The names that draw the eye are familiar for good reason. England can call on Luke Littler and Luke Humphries, the Netherlands on Gian van Veen and Michael van Gerwen, Northern Ireland on Josh Rock and Daryl Gurney, and Scotland on Gary Anderson and Cameron Menzies. That depth is part of why the tournament matters now: it is the one team event where individual form has to survive national pressure, and the line-up gives it edge before a dart is thrown.
For viewers in the UK, the live Sky Sports coverage is the simple answer to when and where to watch. The timing also matters because the field carries the kind of players who can still turn a stage on its head, including Paul Lim, who returned to Alexandra Palace in 2025 after a two-year absence, became the oldest player ever to appear at the World Darts Championship at 71, beat Jeffrey de Graaf in the first round and then ran into Luke Humphries in the second.
Lim remains one of the sport’s enduring figures because of what he did long before Frankfurt was on the calendar. He hit the first nine-darter in World Championship history in 1990, and in 2025 he was again the sort of player the crowd wanted to see keep going. Rod Studd caught that feeling neatly when he described him as “the oldest slinger in town” winning again on the Ally Pally stage.
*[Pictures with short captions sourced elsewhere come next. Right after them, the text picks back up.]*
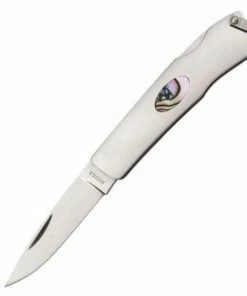 Moki Clione, SUS-410 stainless handles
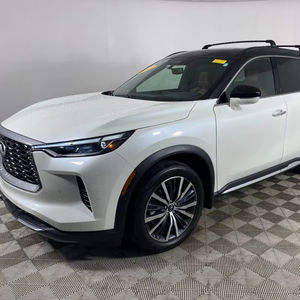 D'occasion en parfait état Incroyable d'occasion 2023 I-N-F-I-N-I-T-I QX60 Autograph AWD - Product Image 5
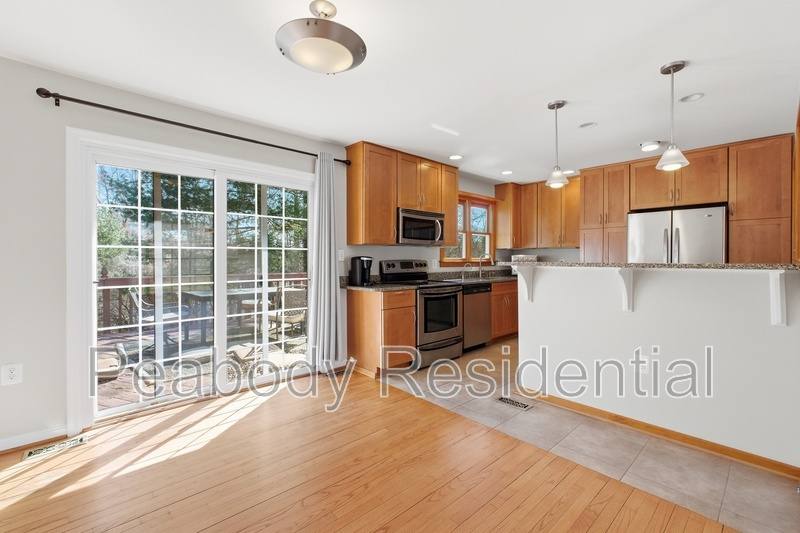 House for rent at 3343 Slade Run Dr, Falls Church, VA 22042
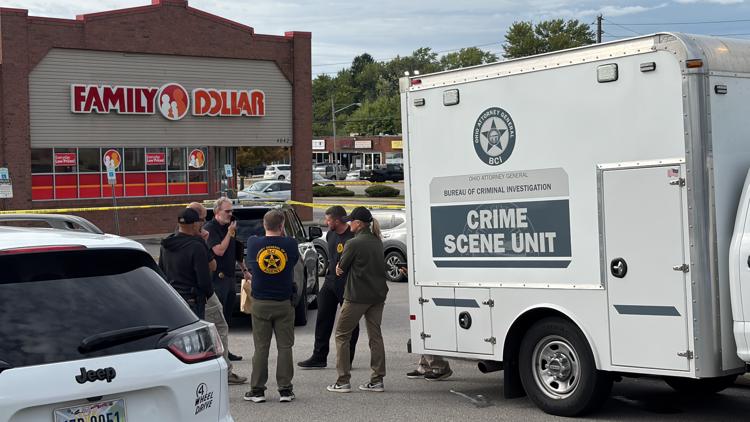 Ohio BCI investigating shooting involving Warrensville Heights police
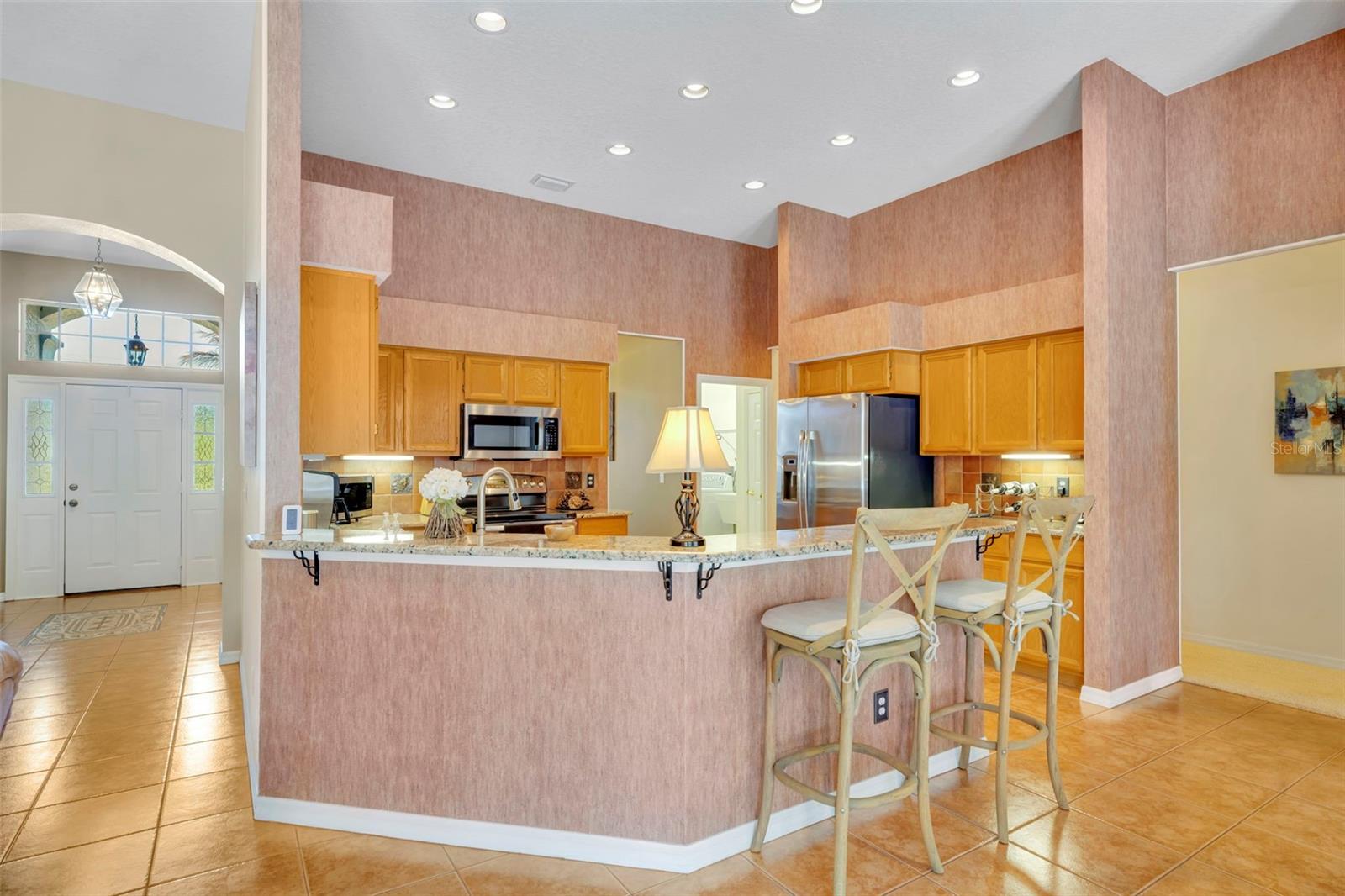 DAVENPORT GLEN - Residential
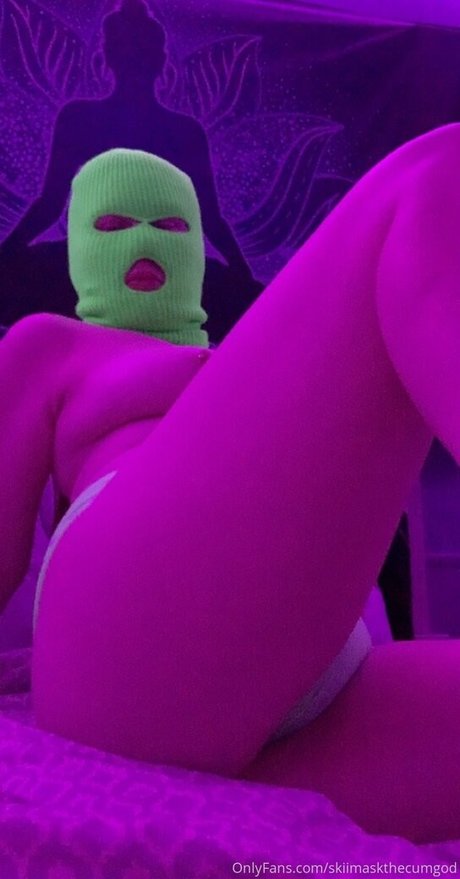 skiimaskthecumgod nudes onlyfans leak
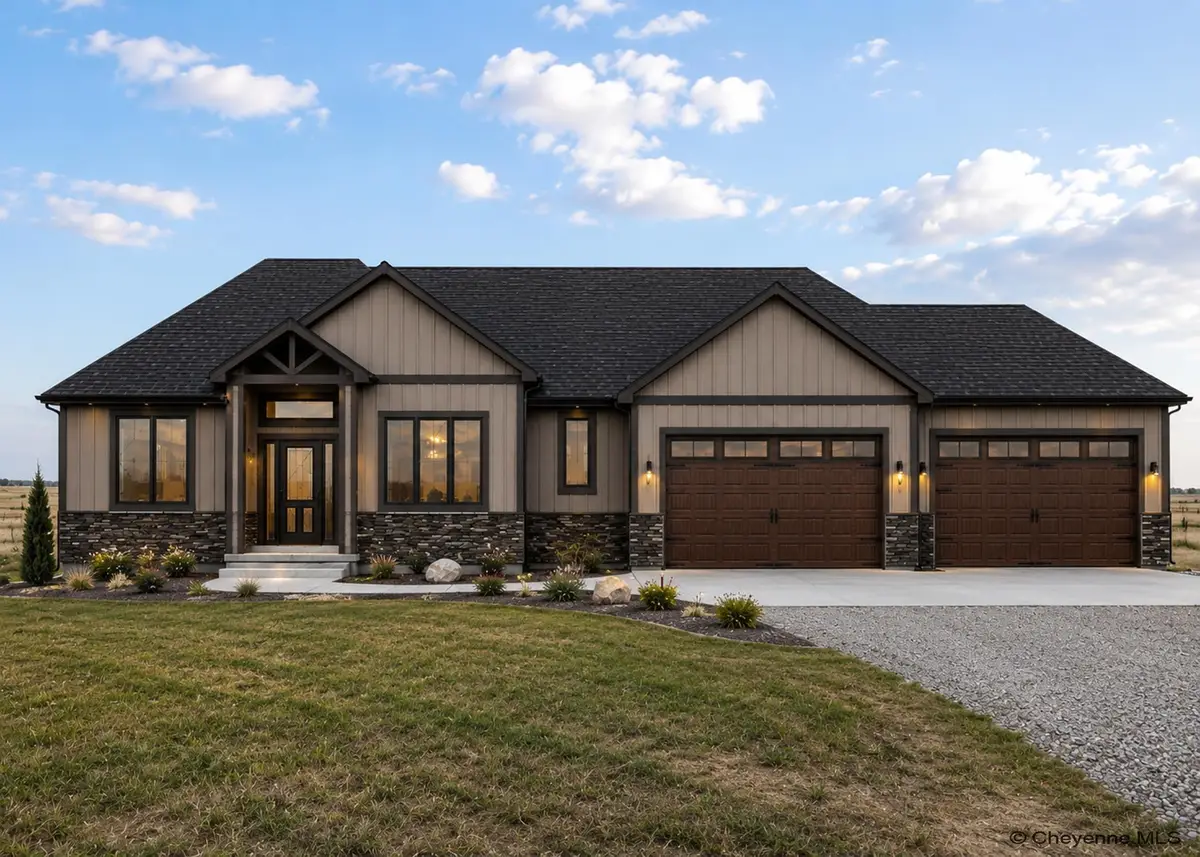 7708 Rich Strike Ct, Cheyenne, WY 82009 - #1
Not every crowd favourite is headed to the same path in Frankfurt, though. Singapore will be there with Lim and Phuay Wei Tan, and they are drawn in Group D alongside Ireland and Uganda, while Motomu Sakai has already shown how quickly an unseeded player can become part of the event’s story after dancing his way into the crowd’s favour at Alexandra Palace and whitewashing Thibault Tricole 3-0 in the first round.
That mix of seeded power, veteran name value and unpredictable pairings is what gives this tournament its pull. The open question now is not whether the big names will be watched, but which of the lesser-known combinations will force their way into the conversation once Frankfurt begins on June 11.